Some 70 to 80 percent of troops surveyed for the report said they had seen a buddy killed; roughly half of soldiers and 56 percent of Marines said they'd killed an enemy fighter, and about two thirds of troops said that a roadside bomb the No 1 weapon of insurgents had gone off within 55 yards of them. Those incidents were higher than what troops experienced in the previous year in Afghanistan as well as during the 2007 surge of extra troops into Iraq, the report said.
The rate of psychological problems may actually be fewer than might be expected, given the high level of combat troops are seeing, Schoomaker said. And the military said it has doubled the mental health staff in the country to help troops cope with their problems.
The data comes from a mental health team that polled more than 900 soldiers, 335 Marines and 85 mental health workers on the Afghan battlefield during last July and August, as troops surged into the country under the Obama administration's new strategy for fighting the insurgency.

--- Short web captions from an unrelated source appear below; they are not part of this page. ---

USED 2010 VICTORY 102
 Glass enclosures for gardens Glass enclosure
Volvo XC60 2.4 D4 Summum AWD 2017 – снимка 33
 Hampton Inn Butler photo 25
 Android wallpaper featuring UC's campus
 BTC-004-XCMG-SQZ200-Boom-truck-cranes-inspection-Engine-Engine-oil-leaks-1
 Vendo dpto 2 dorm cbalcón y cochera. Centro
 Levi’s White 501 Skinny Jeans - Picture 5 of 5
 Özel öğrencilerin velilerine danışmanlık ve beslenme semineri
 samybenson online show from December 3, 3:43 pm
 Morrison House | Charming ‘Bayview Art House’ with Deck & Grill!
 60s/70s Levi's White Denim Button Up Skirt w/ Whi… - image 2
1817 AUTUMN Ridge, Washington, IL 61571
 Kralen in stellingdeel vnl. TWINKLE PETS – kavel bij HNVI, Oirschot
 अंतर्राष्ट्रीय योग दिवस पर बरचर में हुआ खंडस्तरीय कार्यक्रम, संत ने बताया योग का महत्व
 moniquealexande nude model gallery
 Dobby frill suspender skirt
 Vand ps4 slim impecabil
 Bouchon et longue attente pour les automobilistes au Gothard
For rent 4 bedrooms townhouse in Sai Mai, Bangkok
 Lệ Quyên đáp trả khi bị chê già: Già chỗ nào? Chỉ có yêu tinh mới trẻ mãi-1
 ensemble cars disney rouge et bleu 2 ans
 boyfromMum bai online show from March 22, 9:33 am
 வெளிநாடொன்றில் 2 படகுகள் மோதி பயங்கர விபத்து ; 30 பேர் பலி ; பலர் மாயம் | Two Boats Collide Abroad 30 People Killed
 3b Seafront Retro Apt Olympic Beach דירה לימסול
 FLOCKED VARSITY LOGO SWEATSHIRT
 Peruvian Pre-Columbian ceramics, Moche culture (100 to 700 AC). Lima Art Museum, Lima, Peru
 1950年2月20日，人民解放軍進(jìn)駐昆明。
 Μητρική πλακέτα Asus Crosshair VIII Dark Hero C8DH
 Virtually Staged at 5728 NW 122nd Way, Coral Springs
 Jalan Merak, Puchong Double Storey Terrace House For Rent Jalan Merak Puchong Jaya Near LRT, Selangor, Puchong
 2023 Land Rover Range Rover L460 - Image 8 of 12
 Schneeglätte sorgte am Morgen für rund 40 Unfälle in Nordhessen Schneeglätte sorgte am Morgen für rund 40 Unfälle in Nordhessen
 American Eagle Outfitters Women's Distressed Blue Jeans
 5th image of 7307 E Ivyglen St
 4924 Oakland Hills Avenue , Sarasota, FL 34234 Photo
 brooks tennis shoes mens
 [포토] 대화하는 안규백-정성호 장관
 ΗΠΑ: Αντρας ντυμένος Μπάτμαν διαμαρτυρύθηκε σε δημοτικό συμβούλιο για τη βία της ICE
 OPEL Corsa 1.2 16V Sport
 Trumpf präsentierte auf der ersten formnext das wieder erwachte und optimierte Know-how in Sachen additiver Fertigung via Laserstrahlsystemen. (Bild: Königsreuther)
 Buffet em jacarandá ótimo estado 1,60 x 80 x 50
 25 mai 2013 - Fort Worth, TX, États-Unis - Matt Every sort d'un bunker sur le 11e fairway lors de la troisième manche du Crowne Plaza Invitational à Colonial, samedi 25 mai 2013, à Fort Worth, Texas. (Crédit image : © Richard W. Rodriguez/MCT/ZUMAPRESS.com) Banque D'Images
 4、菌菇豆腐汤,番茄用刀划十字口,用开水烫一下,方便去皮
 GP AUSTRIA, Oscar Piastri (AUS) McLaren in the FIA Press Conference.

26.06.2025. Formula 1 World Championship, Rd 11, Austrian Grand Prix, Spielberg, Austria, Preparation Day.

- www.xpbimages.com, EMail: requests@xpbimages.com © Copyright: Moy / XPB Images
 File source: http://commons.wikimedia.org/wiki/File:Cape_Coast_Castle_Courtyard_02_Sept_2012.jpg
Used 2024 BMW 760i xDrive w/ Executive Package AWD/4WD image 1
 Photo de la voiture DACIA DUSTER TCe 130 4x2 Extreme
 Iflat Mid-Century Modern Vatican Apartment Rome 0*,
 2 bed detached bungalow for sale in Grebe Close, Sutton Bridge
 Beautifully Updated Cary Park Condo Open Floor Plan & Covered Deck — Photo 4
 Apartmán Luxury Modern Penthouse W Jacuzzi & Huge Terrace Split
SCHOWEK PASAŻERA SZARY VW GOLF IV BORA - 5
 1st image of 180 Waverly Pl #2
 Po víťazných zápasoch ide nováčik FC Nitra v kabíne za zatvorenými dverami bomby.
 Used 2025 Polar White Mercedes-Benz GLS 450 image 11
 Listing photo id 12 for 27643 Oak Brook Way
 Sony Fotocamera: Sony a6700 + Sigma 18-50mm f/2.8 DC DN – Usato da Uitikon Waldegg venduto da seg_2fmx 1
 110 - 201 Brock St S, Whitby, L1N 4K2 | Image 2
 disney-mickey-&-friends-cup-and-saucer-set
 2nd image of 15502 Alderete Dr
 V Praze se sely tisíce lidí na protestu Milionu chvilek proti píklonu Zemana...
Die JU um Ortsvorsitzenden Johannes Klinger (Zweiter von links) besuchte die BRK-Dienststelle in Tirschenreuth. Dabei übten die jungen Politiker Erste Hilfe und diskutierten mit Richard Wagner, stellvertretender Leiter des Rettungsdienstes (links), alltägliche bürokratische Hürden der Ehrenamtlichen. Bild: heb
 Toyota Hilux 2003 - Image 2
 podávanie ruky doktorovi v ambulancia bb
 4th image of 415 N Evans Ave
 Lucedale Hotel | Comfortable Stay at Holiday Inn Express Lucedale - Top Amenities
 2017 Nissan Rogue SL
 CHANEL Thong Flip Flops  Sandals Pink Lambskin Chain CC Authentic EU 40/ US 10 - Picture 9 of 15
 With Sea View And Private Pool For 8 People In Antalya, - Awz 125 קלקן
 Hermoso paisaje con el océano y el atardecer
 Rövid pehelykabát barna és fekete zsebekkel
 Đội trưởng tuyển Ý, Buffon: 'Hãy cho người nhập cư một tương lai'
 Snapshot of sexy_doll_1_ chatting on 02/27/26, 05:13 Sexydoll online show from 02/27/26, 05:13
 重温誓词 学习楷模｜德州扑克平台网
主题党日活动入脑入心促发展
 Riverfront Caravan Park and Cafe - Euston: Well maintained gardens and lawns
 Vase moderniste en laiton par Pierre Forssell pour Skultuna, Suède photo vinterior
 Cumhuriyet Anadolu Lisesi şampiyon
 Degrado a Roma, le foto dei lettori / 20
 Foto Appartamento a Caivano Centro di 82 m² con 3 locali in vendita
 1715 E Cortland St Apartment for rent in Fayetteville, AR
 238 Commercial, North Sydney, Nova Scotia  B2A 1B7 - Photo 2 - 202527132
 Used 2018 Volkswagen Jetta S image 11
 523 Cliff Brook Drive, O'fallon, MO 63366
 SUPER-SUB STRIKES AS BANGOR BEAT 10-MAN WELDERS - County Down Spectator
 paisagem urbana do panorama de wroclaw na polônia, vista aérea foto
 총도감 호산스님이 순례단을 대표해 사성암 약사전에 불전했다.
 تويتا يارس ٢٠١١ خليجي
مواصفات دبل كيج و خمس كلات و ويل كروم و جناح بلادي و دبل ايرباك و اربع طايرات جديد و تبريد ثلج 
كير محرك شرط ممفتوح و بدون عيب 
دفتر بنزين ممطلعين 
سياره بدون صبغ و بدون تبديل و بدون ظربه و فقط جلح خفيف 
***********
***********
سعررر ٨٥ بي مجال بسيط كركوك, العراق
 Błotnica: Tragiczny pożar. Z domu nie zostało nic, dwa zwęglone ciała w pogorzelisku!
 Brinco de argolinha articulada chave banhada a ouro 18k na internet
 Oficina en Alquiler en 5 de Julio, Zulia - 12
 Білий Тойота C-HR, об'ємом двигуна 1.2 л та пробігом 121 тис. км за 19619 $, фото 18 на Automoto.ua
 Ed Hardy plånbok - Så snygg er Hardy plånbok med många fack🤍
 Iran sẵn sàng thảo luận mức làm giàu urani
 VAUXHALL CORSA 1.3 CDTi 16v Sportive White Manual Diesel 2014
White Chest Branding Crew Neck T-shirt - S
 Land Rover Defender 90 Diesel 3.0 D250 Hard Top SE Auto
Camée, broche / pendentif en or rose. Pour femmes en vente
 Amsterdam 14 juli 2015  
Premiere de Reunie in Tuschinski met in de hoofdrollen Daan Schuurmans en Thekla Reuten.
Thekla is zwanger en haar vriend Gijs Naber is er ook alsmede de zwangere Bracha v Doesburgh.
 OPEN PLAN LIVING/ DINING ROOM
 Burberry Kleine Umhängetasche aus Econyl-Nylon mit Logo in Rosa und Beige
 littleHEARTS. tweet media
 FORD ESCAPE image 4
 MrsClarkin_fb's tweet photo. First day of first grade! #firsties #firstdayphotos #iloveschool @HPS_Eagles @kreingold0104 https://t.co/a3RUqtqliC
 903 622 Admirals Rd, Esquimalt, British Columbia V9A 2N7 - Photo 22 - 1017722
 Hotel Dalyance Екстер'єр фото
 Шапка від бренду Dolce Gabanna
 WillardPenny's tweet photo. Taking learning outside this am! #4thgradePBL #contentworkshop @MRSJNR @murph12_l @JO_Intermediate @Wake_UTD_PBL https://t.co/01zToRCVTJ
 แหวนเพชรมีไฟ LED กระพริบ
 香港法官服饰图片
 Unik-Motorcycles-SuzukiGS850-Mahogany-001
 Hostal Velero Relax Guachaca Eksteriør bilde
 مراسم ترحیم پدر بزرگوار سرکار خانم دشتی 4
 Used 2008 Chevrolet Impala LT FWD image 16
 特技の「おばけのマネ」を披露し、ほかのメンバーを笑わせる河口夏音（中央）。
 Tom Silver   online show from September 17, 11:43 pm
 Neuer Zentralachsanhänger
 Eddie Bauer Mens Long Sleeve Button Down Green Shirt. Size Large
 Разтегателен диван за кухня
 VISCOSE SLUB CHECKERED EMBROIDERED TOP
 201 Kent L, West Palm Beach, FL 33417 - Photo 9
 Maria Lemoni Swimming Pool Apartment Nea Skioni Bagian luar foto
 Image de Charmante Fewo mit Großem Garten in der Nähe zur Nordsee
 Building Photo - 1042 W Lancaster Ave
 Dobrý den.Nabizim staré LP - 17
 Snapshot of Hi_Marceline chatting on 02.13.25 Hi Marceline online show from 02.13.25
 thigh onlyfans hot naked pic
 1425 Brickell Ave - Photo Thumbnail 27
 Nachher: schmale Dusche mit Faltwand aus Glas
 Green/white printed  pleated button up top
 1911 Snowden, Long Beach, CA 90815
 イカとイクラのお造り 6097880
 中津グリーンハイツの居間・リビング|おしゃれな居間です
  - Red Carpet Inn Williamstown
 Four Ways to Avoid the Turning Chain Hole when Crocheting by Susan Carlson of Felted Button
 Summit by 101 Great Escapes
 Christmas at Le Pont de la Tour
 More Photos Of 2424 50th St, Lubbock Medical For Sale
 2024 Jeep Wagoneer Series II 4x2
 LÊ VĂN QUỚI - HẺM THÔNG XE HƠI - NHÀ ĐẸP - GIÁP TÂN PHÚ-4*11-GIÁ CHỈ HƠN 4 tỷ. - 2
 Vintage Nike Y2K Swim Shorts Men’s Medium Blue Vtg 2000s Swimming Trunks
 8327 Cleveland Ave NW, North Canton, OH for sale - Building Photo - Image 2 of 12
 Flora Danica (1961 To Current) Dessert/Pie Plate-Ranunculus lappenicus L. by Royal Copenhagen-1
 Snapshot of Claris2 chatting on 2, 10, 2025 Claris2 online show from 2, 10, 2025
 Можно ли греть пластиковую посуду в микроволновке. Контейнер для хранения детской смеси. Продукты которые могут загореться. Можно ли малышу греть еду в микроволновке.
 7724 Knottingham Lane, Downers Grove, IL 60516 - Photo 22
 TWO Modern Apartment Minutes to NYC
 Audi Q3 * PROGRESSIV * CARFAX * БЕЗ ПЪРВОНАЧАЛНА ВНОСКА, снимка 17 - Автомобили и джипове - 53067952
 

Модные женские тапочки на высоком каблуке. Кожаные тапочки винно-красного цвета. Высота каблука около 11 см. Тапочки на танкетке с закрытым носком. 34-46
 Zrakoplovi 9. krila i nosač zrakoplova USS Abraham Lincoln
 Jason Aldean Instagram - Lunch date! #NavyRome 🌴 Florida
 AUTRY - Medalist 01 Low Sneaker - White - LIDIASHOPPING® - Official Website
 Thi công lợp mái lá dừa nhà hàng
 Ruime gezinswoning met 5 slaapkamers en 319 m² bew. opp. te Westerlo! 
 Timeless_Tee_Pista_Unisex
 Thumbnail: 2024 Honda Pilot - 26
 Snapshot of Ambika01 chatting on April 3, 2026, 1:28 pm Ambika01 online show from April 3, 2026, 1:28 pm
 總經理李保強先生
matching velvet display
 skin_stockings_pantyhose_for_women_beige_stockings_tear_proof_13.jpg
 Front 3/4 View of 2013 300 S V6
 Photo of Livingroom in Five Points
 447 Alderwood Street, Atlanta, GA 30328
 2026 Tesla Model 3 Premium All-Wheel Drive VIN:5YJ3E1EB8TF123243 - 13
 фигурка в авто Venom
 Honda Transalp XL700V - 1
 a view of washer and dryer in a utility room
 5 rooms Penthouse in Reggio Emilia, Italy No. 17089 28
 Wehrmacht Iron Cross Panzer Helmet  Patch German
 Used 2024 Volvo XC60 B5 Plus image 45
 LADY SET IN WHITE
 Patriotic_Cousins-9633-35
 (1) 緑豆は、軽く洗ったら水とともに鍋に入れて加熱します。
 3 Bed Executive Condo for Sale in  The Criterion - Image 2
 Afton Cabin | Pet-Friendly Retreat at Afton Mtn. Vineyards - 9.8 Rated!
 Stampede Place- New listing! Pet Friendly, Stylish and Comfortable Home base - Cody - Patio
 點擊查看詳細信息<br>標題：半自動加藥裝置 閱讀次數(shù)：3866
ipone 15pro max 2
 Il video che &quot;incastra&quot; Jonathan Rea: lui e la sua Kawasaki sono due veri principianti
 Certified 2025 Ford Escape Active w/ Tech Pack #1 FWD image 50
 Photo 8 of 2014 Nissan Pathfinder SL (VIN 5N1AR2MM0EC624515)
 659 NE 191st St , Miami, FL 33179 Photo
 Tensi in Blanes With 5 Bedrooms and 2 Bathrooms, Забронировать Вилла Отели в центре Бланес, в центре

The new mental health study also reaffirms the long-held view on the price paid for repeated tours of duty: mental health problems were greater for troops on their third or fourth deployment. The military says it boosted the mental health staff in the country to one for every 646 soldiers last year compared, compared to one for every 1,123 in 2009.
Only 46.5 percent of soldiers said their morale was medium, high or very high last year, compared to 65.7 percent in 2005. For Marines, it was only 58.6 percent last year compared to 70.4 percent when they were surveyed in 2006 in Iraq.
(The report compares numbers of the Marine to their time in Iraq because they were not in Afghanistan in significant numbers before the surge) Nearly 80 percent of Marines and soldiers said they'd seen a member of their unit killed or wounded, compared to roughly half who said that in the earlier years. Nearly one in five soldiers and Marines reported psychological problems.